Australia/Israel Review


Baku to the Future?

Aug 4, 2023 | Amotz Asa-El

Israeli Defence Minister Yoav Gallant with his Azerbaijani counterpart Zakir Hasanov in Baku (Image: Embassy of Israel, Azerbaijan)
Israeli Defence Minister Yoav Gallant with his Azerbaijani counterpart Zakir Hasanov in Baku (Image: Embassy of Israel, Azerbaijan)

When the Soviet Union suddenly dissolved in 1991, the West responded by unanimously extending full and immediate diplomatic recognition to the 15 republics that had emerged from the ruins of the vanished empire. 

That included Israel, as one country on the Western side of the transition, and Azerbaijan as one of the new republics on the opposite side. Jerusalem recognised the Caucasian republic on Christmas Day, 1991. However, unlike the rest of the West, whose concerns at that time focused mainly on remaking the international system’s broader arrangements, Israel was particularly focused on retrieving the Jews of the former Eastern Bloc. 

Part of those efforts included the creation of a route for direct flights between Baku and Tel Aviv. This actually happened a full half-a-year before Azerbaijan’s formal independence, through a deal between its Soviet-era government and the Jewish state. 

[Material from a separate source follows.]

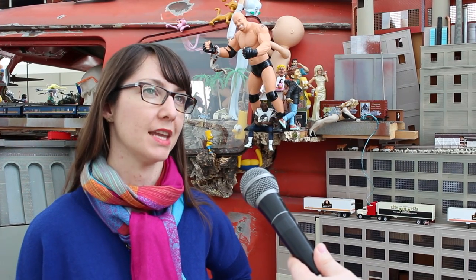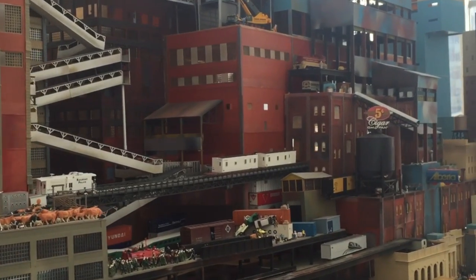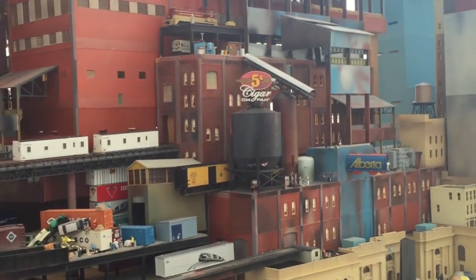We're standing next to one right now — the Bruegelbosch bus by Kim Adams. He's a very established, well-known Canadian artist. The gallery was renovated in 2006 and this space that we're standing in was purpose-built to house this acquisition.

It was the beginning of an improbable and elaborate relationship that, 32 years on, constitutes Israel’s strongest alliance anywhere across the Muslim world. 

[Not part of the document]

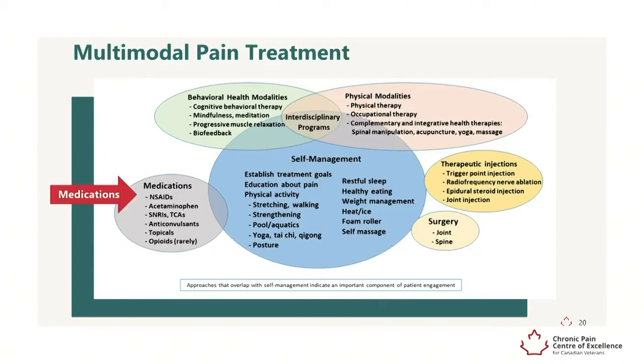Medications such as non-steroidal anti-inflammatory medications, acetaminophen, and prescription medications may also be effective. The choice of medication is based on the specific pain condition and other common conditions that may be present.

Baku’s role ended up being relatively marginal to the process of bringing nearly 1 million former Soviet Jews to Israel between 1989 and 2004 – most boarded direct flights from Russia and Ukraine. 

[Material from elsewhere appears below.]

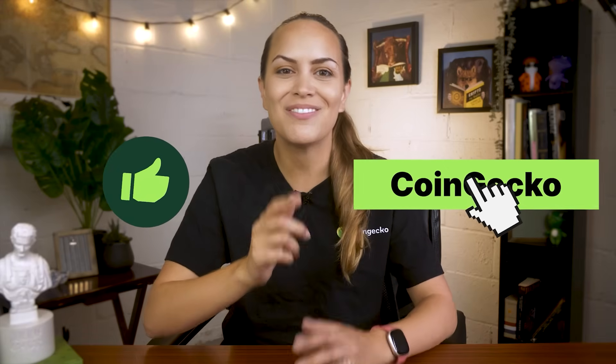And of course, don't forget to like this video and subscribe to stay updated on all things crypto, and I'll see you in the next video.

Yet the Baku-Tel Aviv flights laid the foundations for a commercial arrangement that was begging to happen: Israel had no oil, and Azerbaijan had vast petroleum fields in the Caspian Sea, and along its shores. Moreover, the distance between the two countries is short, about the distance between Melbourne and Brisbane. Israel’s previous Middle Eastern oil supply had come from Iran, but this had ended abruptly in 1979 with the Islamic Revolution, forcing Israel to seek energy from distant, and thus costly, alternative suppliers, such as Mexico and Venezuela. 

During the Cold War, Azerbaijani supply and Israeli demand could not meet – but the new world order post-1991 made their encounter possible, not only because capitalism had suddenly become the international consensus, but because Azerbaijan sorely needed cash. Azerbaijani oil thus began reaching Israel, and Baku has been a steady, major supplier of Israeli energy ever since.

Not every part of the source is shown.